Having a closet that is organised is the key to great style. Knowing exactly what items you have to work with will make getting ready so much easier and fun. Here are some easy closet organisation hacks that won’t break the bank.
Closet Clear Out:
The first thing you should do before embarking on an organisation journey is decluttering. Your closet will never look clean if it’s overflowing with old clothes you never wear. The best way to effectively clear your closet is to take everything out and sort through your items one by one. Divide your clothes into keep, donate and throw categories. Oftentimes you will feel better about getting rid of clothes if you donate them because you’ll feel like they aren’t going to waste, just be sure to throw away anything that isn’t wearable or has holes or stains. Once you have chosen the clothes you will keep you’re ready to organise.
Photo by Anastasia Shuraeva from Pexels
Nothing looks messier than a mountain of shoes. They take up a tonne of space and can leave your closet smelling less than fresh. You can buy plastic shoe boxes online which will give your closet a uniform look and will keep your shoes away from your clothes.

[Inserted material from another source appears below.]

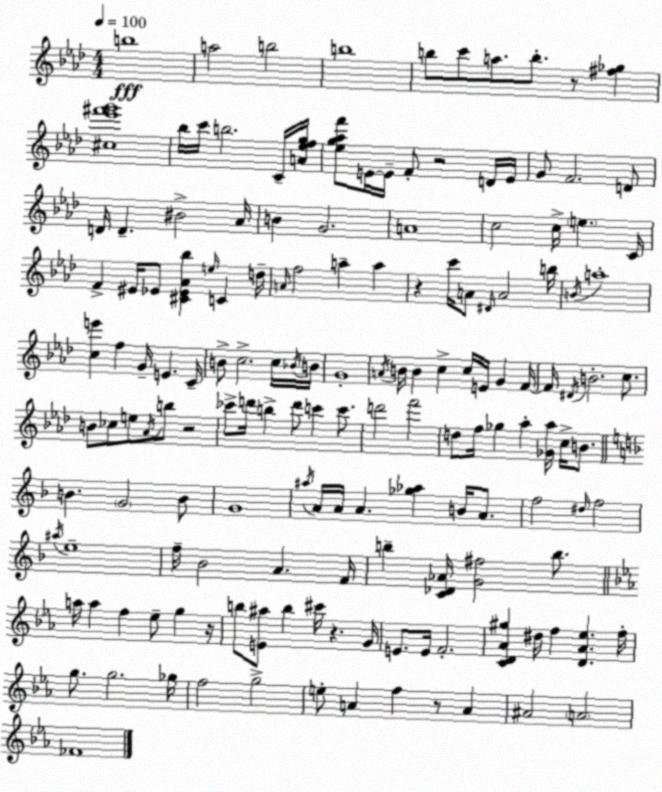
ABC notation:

If you are low on space, investing in a small buffet unit could be a great alternative to keep your shoes hidden away and organised.
Drawer and Shelf Dividers:
If you have large, deep drawers or long shelves, purchasing dividers can help to keep your clothes in-line. These will work particularly well if you fold your clothing like Marie Condo.
“In our shop we deal with a lot of fabric and at times it can be impossible to organise, we have implemented drawer and shelf dividers to categorize the fabric and it has made such a huge difference to the overall organisation of the shop” explains the team from Pete's Upholstery and Trimming.
Customising your spaces to perfectly fit your items will prevent any spillage and achieve maximum organisation.
Something that can make a huge difference for free is colour coding. Pull everything out of your wardrobe and organise items by colour. The result will be an aesthetically pleasing closet that is easy to navigate and coordinate.
“When I work with my clients colour is a huge part of styling” explains design specialist Patricia, “If you can implement colour coding in your closet you will have a way easier time coordinating your looks”.
Lighting makes a huge difference to spaces, adding some lights to your closet can make it look bigger and illuminate your pieces. You can look online for stick-on, battery operated lights that will provide an affordable transformation for your closet and won’t require any wiring.
“I use LED lights at my events because you can change their colour, tone and brightness which makes it so easy to adapt a space to a particular theme, they are by far the cheapest and most effective decor tool I have come across” notes Sam Gosper of Series of Events Australia.
Hanging Accessory Organisers:
All too often our jewellery ends up knotted or forgotten. Having your accessories on show will influence you to use them more often and can double as cute decor.
This minor switch can make a huge difference in your closet. Velvet hangers are thinner than plastic and wood hangers meaning you will have so much more hanging room. Having all of your hangers uniform will make a huge difference to the appearance of your closet. Another bonus is that velvet hangers are super grippy so you won’t have to worry about your spaghetti strap dresses ending up on the floor constantly.
Let’s face it, we will always have random bits and bobs that just don’t have a home. Investing in cute storage baskets for your miscellaneous items that just don’t look cute on show is the secret to having an organized and aesthetically pleasing closet.
“I use storage baskets so often in my work and I truly believe they are a huge key to maintaining a uniform home and clean space” says interior organisation expert Gary Hamer, “Just try to keep each basket organised with one kind of item (eg. hats, belts etc) and avoid overfilling them”.